··· Records for this task
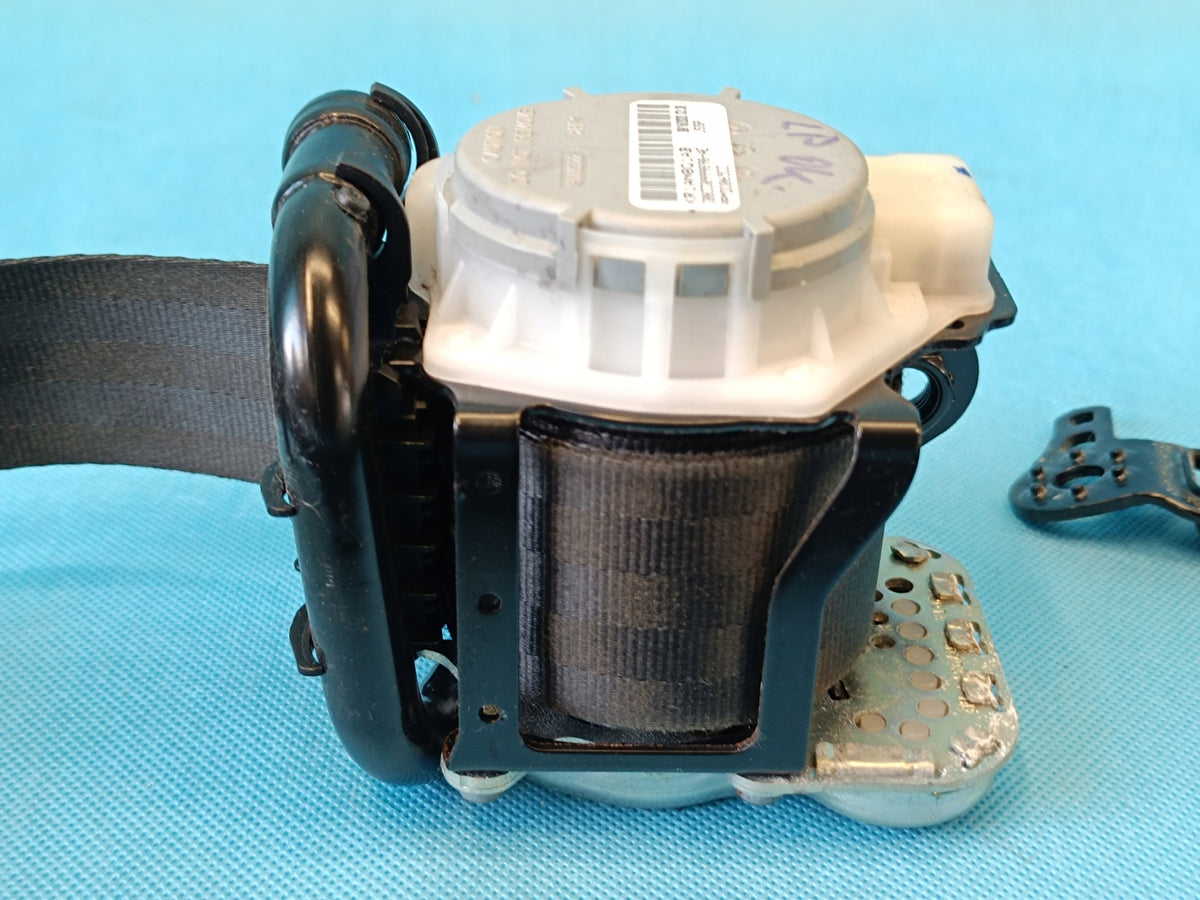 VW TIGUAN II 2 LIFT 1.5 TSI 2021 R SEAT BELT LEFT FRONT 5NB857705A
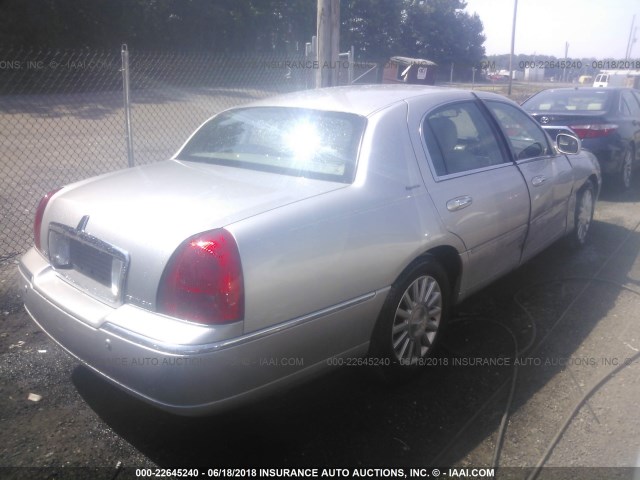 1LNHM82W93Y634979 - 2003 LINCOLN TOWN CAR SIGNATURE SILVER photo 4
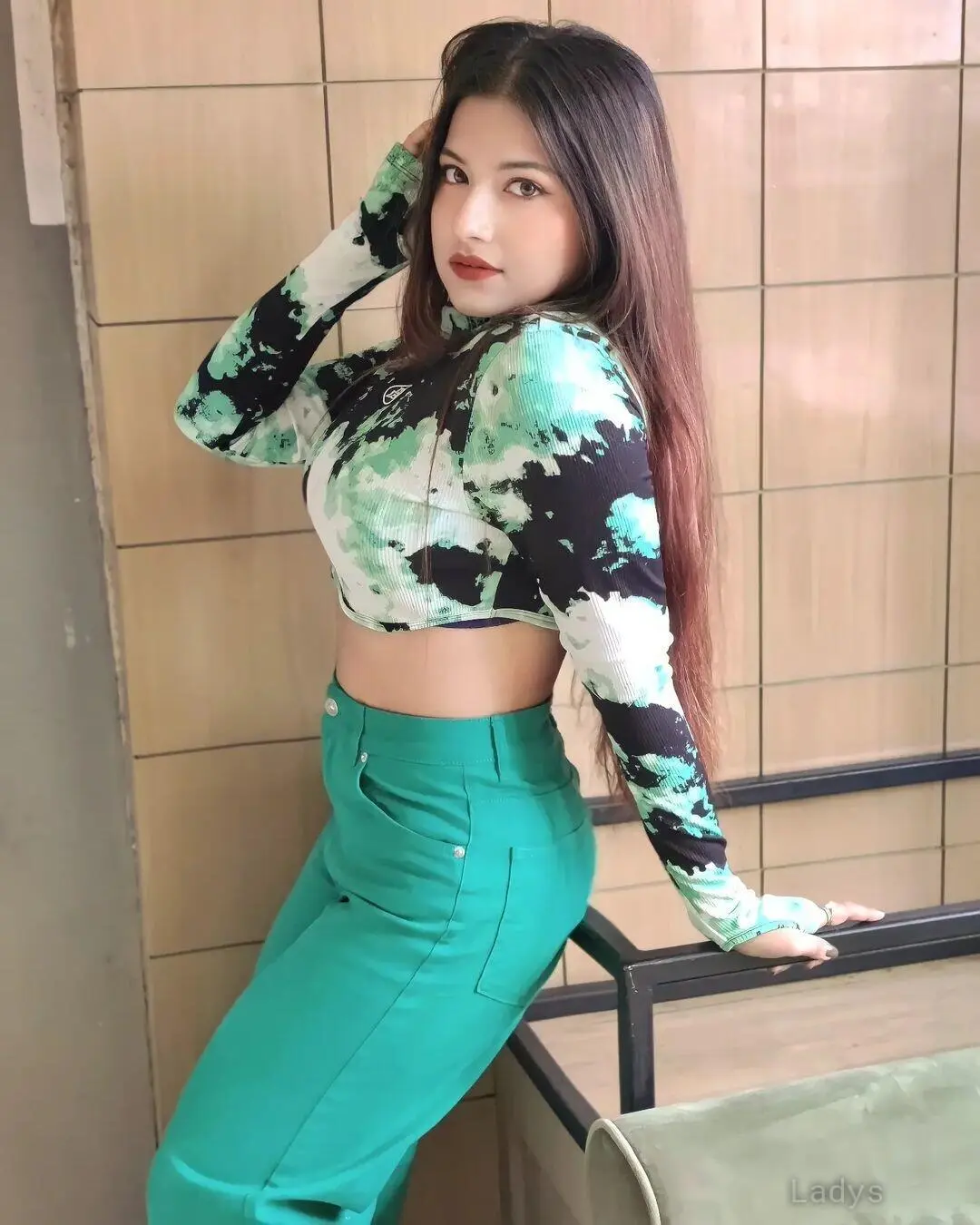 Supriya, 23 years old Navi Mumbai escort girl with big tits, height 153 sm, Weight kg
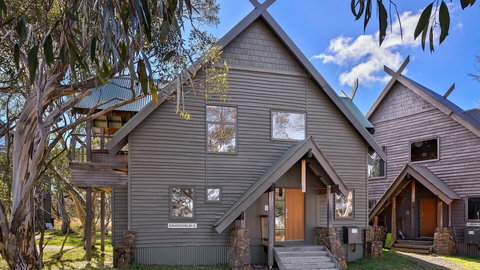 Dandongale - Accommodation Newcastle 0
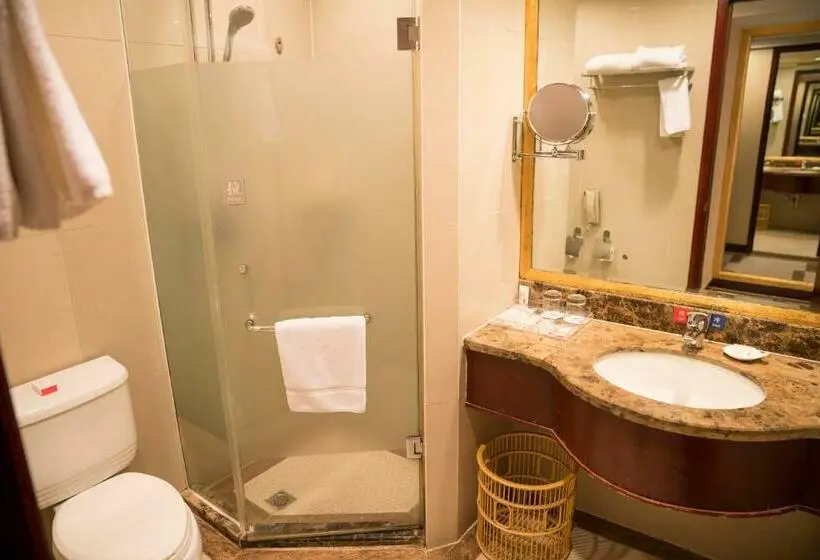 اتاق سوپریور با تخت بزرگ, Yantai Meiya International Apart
······
→ Assignment
I would like the data above transcribed exactly, with its pictures left out.

→ Response area
 VW TIGUAN II 2 LIFT 1.5 TSI 2021 R SEAT BELT LEFT FRONT 5NB857705A
 1LNHM82W93Y634979 - 2003 LINCOLN TOWN CAR SIGNATURE SILVER photo 4
 Supriya, 23 years old Navi Mumbai escort girl with big tits, height 153 sm, Weight kg
 Dandongale - Accommodation Newcastle 0
 اتاق سوپریور با تخت بزرگ, Yantai Meiya International Apart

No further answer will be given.